Provided data:
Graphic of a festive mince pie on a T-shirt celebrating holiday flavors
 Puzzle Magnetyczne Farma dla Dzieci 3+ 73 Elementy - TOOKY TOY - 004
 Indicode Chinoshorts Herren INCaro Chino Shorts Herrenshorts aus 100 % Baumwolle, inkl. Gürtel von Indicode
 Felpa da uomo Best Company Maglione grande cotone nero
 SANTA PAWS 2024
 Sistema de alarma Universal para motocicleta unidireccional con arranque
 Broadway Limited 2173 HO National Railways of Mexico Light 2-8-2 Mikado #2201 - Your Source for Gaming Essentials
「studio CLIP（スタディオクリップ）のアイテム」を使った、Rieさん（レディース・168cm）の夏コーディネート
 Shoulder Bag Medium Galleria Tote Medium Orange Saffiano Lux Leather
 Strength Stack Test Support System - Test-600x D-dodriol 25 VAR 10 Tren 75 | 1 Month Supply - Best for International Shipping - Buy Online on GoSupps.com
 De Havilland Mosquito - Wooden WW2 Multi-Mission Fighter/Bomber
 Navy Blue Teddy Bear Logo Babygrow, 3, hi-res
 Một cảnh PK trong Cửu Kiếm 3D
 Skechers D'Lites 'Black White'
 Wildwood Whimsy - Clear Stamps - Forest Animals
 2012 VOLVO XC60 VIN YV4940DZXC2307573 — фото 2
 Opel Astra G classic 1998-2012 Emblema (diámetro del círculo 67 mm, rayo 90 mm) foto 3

Problem: Write out each line above with the word "Best".

Exercise output:
 Felpa da uomo Best Company Maglione grande cotone nero
 Strength Stack Test Support System - Test-600x D-dodriol 25 VAR 10 Tren 75 | 1 Month Supply - Best for International Shipping - Buy Online on GoSupps.com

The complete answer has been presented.